___ Data section
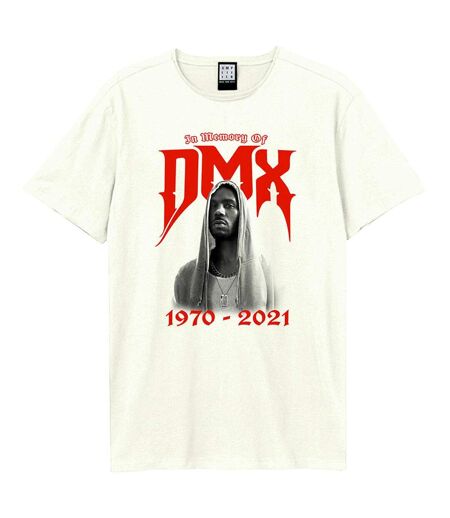 T-shirt 1970-2021 adulte blanc Amplified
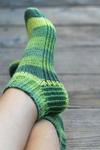  вязанные носки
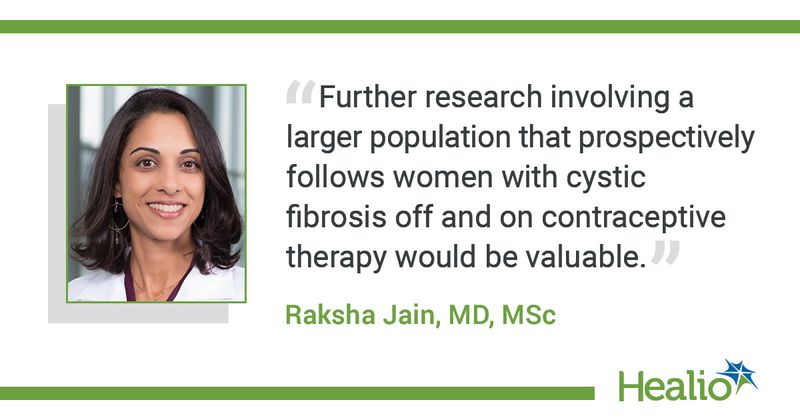 Raksha Jain, MD, MSc, quote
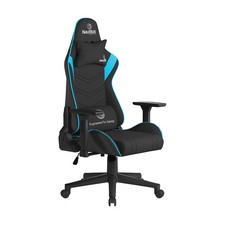 Nautilus Designs Ltd Black PU Leather Recliner Computer Gaming Office Chair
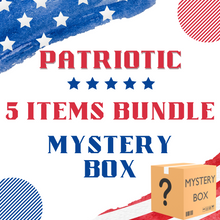 Load image into Gallery viewer, Patriotic Mystery Bag 5 items Great Value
______
» **What you need to do**
Transcription of the lines from the one with "Nautilus Designs Ltd" through the end of the entries is required, exact and with no pictures.

» **Solution to this exercise**
 Nautilus Designs Ltd Black PU Leather Recliner Computer Gaming Office Chair
 Load image into Gallery viewer, Patriotic Mystery Bag 5 items Great Value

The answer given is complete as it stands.